INPUT MATERIAL -
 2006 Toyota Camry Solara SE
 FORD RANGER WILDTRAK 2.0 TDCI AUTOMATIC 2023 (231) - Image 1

* * *

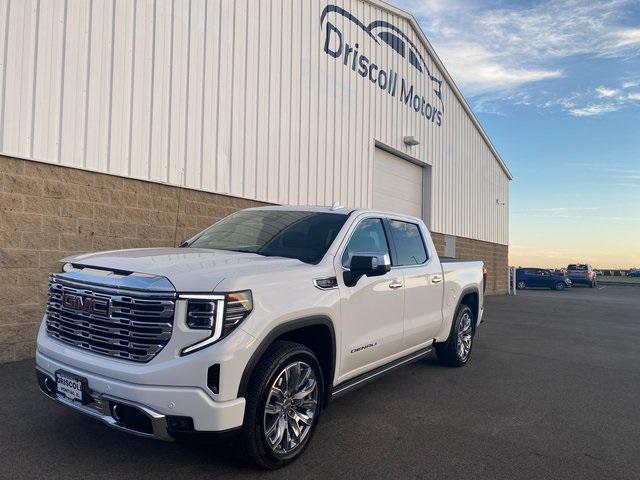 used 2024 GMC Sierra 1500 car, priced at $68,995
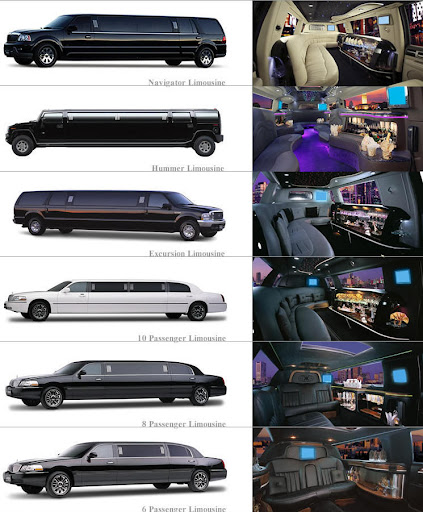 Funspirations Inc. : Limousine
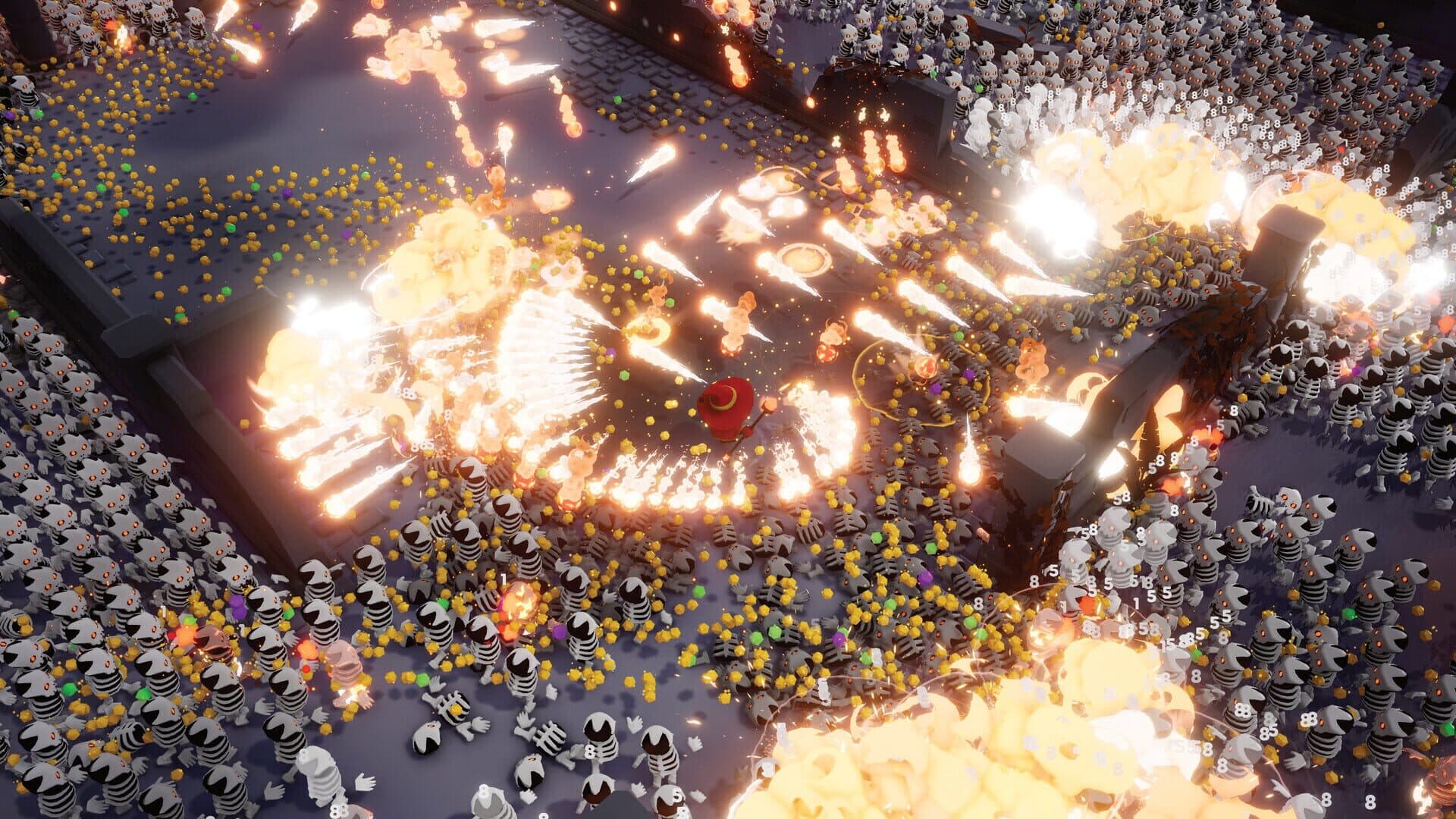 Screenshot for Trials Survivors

PROBLEM TO SOLVE -
Nothing but the lines from the one containing "Funspirations Inc. : Limousine" through the one containing "Screenshot for Trials Survivors" should appear, copied exactly from the material above and without pictures.

PROBLEM SOLUTION -
 Funspirations Inc. : Limousine
 Screenshot for Trials Survivors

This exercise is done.